Accordingly, street-level enforcement should be reconceived in two ways. First, much greater urgency should be given to finding and incapacitating the dealer. Second, arresting users should be seen as a public health measure to screen for and treat addiction, as with the successful drug court model.
Drug courts and diversion programs are already a major source of treatment admissions in the U.S. But this has been understood as a means of reducing the burden on the criminal-justice system. It should be seen as a necessary means of getting addicts who are in denial (as the vast majority are) into treatment and keeping them there through detoxification and stable sobriety. Street-level enforcement should be targeted to collapse dealer networks and should be tuned to become an intake channel for treatment.

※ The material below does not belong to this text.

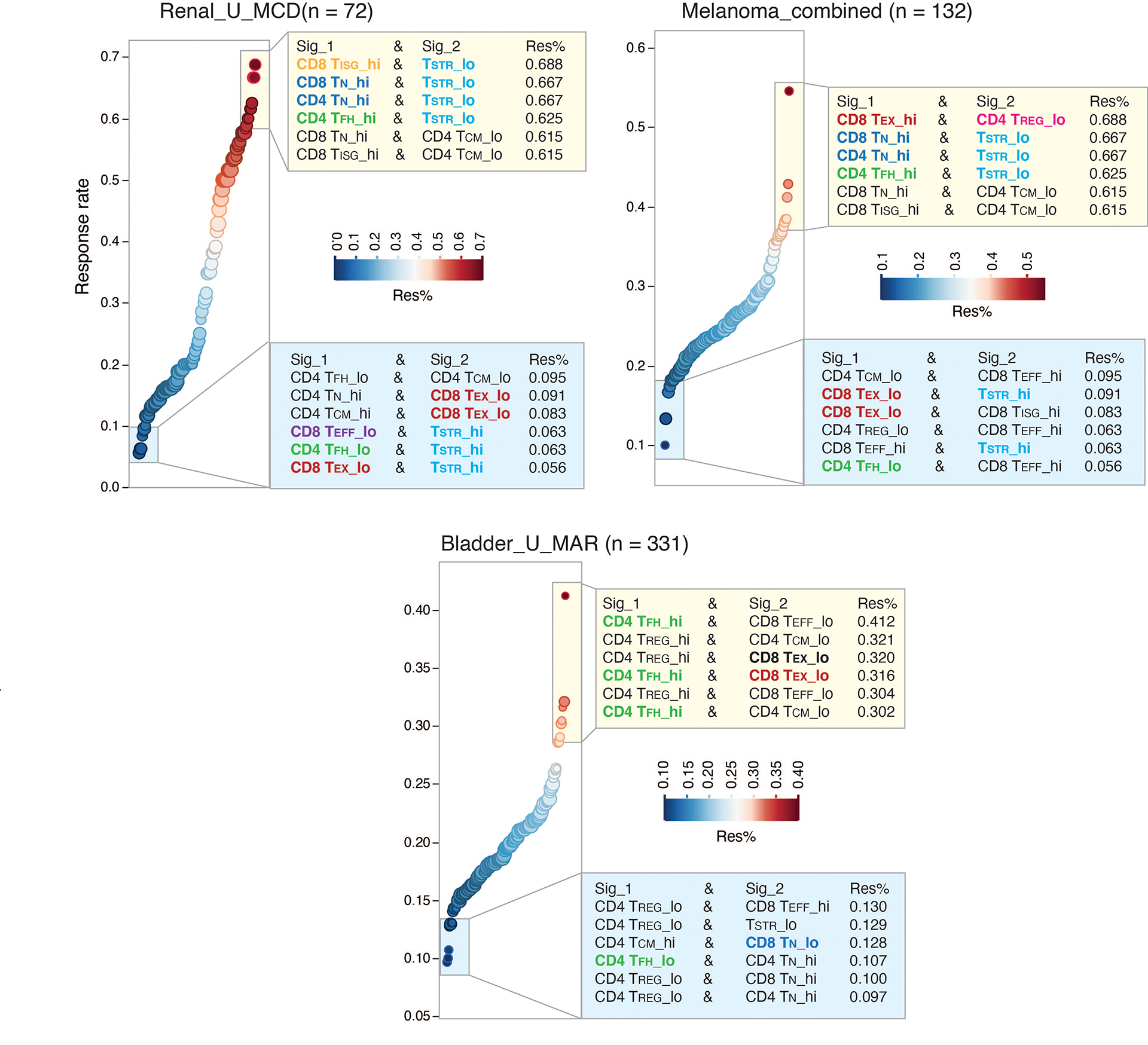 Extended Data Fig. 6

All this will mean more arrests and more resources devoted to creating appropriate responses for users and dealers after arrest. Occasional, non-addicted users have a much lower probability of arrest at the point of drug sales because their purchases are infrequent. The risk to addicts is greater because they commonly need multiple doses per day. Thus, the normal pressure of street-level enforcement will tend to involve the larger dealers and the heavier users. Arrest and referral to treatment will save the lives of the addicted and even the arrest and warning of occasional users could be a potentially life-saving deterrent.
Such enforcement effort needs to be targeted, however. The obvious way to locate addicts and their dealers is to follow the reports of overdose victims. These reports provide a painful — but clear — geographic map of the epidemic. That map should be the basis for identifying priority areas nationally.
Currently, national information on overdose deaths lags by more than a year. This is unacceptable, and public health officials should be held accountable for creating a local, state, and national, real-time map of the epidemic. Preventing death means stopping traffickers and bringing effective outreach to the addicted in real time.
Finally, while attacking the source and border interdiction take the form of “outside-in” efforts, street enforcement and treatment involves an “inside-out” movement. Is this possible? Can individual communities make progress in the absence of full national success against the drug supply? Can a neighborhood-by-neighborhood strategy work?
Certainly, there is a risk of the epidemic moving back into improved areas from nearby trafficker enclaves. But, in fact, there are many law enforcement examples demonstrating that crime and drug trafficking is displaceable and containable with sustained, effective effort. The pace of the attack matters, and must run ahead of criminal replacement efforts. Local law enforcement agencies successfully contain certain crimes within specific geographic areas, and respond aggressively if criminals overstep boundaries. As in other matters, overwhelming the problem requires capable leadership with the authority, resources, and determination to prevail. For each part of the strategy above, it is important that one individual receive overall responsibility and that this individual understand that they will be removed in the absence of rapid progress. There is no accountability if there is no individual accountability.
The future of addiction in America rests on whether the supply of addictive drugs is dramatically reduced. The drug policy of the Trump administration will determine whether use and addiction are diminished or if they are more deeply embedded in American life — further expanding the underclass of addicted individuals living in misery and dying too young.